## [PROBLEM TO WORK ON]
Only one stretch of the data below is wanted: the lines starting at the one with "Last 7 Days Graph of Elbocheap" and ending at the one with "10 Ways Power", both included, given again exactly.

## [DATA FOR THIS EXERCISE]
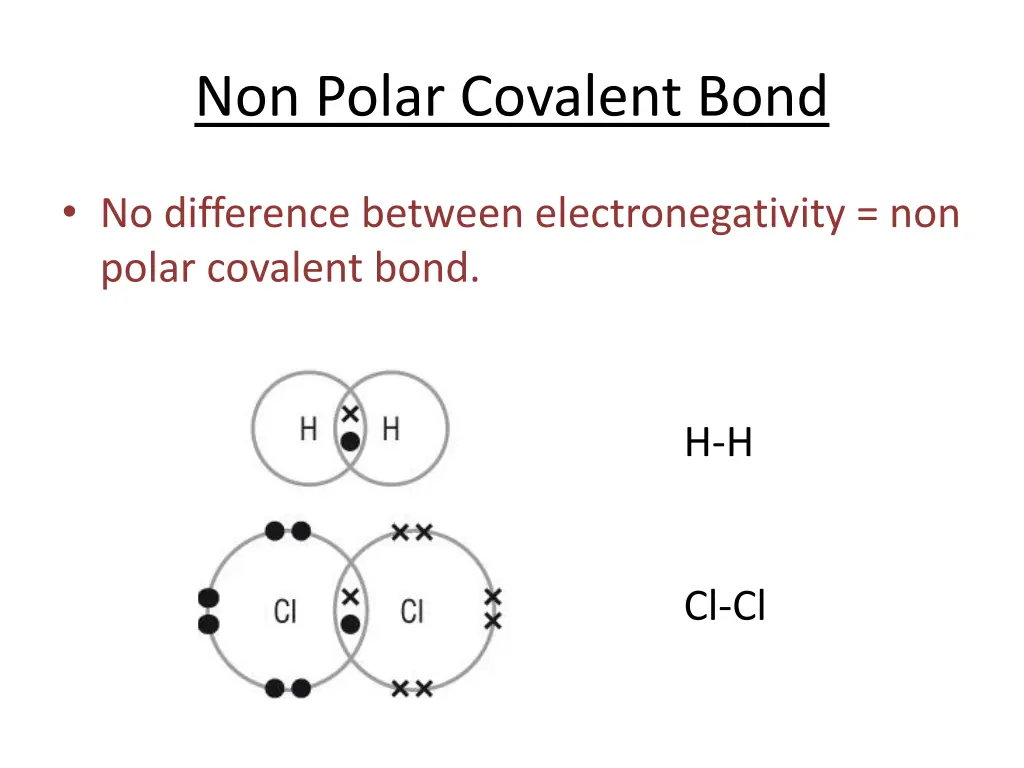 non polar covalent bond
...
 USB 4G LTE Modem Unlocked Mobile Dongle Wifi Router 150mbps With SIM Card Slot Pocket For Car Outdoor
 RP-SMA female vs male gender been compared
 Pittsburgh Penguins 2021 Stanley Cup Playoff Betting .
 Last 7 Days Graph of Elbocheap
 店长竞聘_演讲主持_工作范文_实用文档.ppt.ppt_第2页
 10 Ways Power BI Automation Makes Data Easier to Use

## [YOUR SOLUTION]
 Last 7 Days Graph of Elbocheap
 店长竞聘_演讲主持_工作范文_实用文档.ppt.ppt_第2页
 10 Ways Power BI Automation Makes Data Easier to Use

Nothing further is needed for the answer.